Just catching up on my reading, and had to stop and comment on this one. I was so excited to see someone else talking about the flow theory! I used it as a part of my presentation last year at METC on differentiation...I give kids in my 3rd grade class 30 minutes of precious time each day to explore all things educational. They spend the first few weeks trying to stay busy because they have never been given this kind of freedom before, but then they begin to inquire, collaborate, explore new tools, and create their own amazing products-some days the room is loud, but then there are days when every kid is so completely engrossed in what they are doing or talking about that I really think I could leave, and they would never miss me:) Intrinsically motivated learners-what a concept!

. said...

mrs. v - i think it is so important to understand flow that the 7th graders study the concept too!
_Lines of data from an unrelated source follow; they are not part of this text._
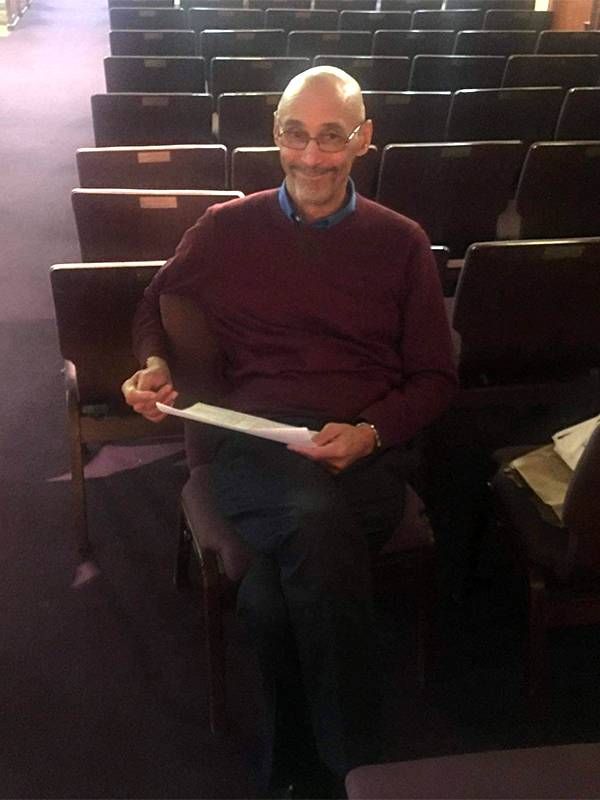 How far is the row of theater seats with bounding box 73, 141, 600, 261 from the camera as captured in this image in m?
2.60

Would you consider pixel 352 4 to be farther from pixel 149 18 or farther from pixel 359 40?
pixel 149 18

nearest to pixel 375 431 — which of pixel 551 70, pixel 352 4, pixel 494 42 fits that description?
pixel 551 70

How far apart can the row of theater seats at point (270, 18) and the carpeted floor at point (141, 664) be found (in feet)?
13.5

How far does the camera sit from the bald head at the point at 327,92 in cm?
176

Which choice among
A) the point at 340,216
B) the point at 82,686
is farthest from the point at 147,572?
the point at 340,216

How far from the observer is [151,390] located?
1768 mm

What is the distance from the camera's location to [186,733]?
1827mm

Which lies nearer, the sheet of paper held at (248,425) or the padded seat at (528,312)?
the sheet of paper held at (248,425)

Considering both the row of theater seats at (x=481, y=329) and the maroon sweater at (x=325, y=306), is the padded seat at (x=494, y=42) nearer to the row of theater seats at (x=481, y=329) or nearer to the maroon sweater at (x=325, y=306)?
the row of theater seats at (x=481, y=329)

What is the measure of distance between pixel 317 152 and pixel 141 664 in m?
1.25

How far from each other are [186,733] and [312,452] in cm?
72

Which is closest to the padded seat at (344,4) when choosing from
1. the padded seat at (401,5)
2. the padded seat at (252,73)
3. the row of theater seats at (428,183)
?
the padded seat at (401,5)

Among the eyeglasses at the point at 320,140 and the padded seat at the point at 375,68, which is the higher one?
the eyeglasses at the point at 320,140

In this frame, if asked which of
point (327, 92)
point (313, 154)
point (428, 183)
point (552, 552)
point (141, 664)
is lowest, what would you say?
point (141, 664) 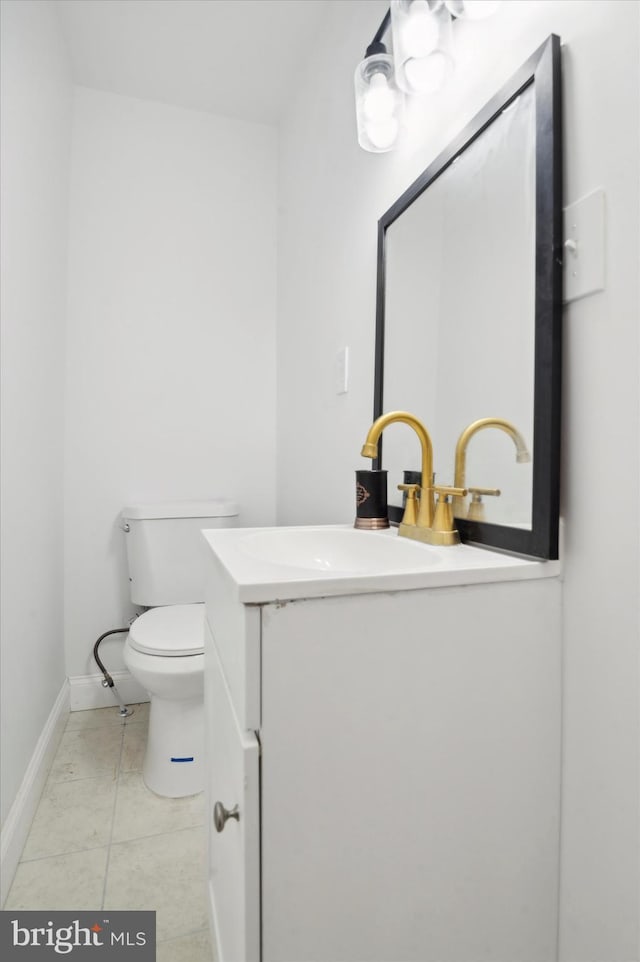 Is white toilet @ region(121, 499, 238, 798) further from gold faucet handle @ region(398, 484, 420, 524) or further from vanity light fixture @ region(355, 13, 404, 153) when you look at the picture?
vanity light fixture @ region(355, 13, 404, 153)

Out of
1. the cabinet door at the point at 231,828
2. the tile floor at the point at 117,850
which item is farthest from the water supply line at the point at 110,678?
the cabinet door at the point at 231,828

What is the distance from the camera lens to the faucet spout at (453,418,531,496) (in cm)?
78

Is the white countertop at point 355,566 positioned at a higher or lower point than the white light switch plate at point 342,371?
lower

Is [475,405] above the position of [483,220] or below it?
below

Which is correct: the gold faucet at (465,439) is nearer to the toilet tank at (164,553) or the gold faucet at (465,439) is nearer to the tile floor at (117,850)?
the tile floor at (117,850)

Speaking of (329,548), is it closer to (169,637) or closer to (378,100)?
(169,637)

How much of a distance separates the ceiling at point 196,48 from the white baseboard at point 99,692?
7.63 feet

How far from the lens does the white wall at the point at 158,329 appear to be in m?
2.04

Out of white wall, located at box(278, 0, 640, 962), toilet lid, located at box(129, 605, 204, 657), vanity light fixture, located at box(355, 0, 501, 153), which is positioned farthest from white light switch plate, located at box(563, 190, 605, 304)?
toilet lid, located at box(129, 605, 204, 657)

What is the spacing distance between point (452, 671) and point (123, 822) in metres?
1.22

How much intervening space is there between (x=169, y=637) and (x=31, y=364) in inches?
35.4

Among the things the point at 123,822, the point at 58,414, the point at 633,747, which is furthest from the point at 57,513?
the point at 633,747

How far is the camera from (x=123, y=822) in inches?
55.1

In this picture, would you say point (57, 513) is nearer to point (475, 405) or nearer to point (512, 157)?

When they are in flow, the room, normally a buzz of activity, is so quiet i want to check pulses!! The other teacher in the room looks at them in amazement too - what a testimonial to the value of using these tools to get at deeper responses! Thanks for stopping by - hope you return often!

Korero Pt England said...

Hi there
I am doing a research project around how our podcast, KPE, raises student achievement in reading - with 9-11 yr olds. One of the things I discovered early on was that kids who are underachieving at reading don't actually get the opportunity to read. I am especially focusing on under achieving diverse boys.
So I instigated a 2 hr silent reading period in the school library. Optional (with classroom tchr approval) for students to drop into. the only stipulation is that the room is peaceful (ie silent). Well, you should see these kids read when they get a chance to get in the 'flow' undisturbed. I am having to force macho boys from the library at morning tea time when the session ends. "Oh Miss, please, I only have one more chapter..." the flow is very powerful.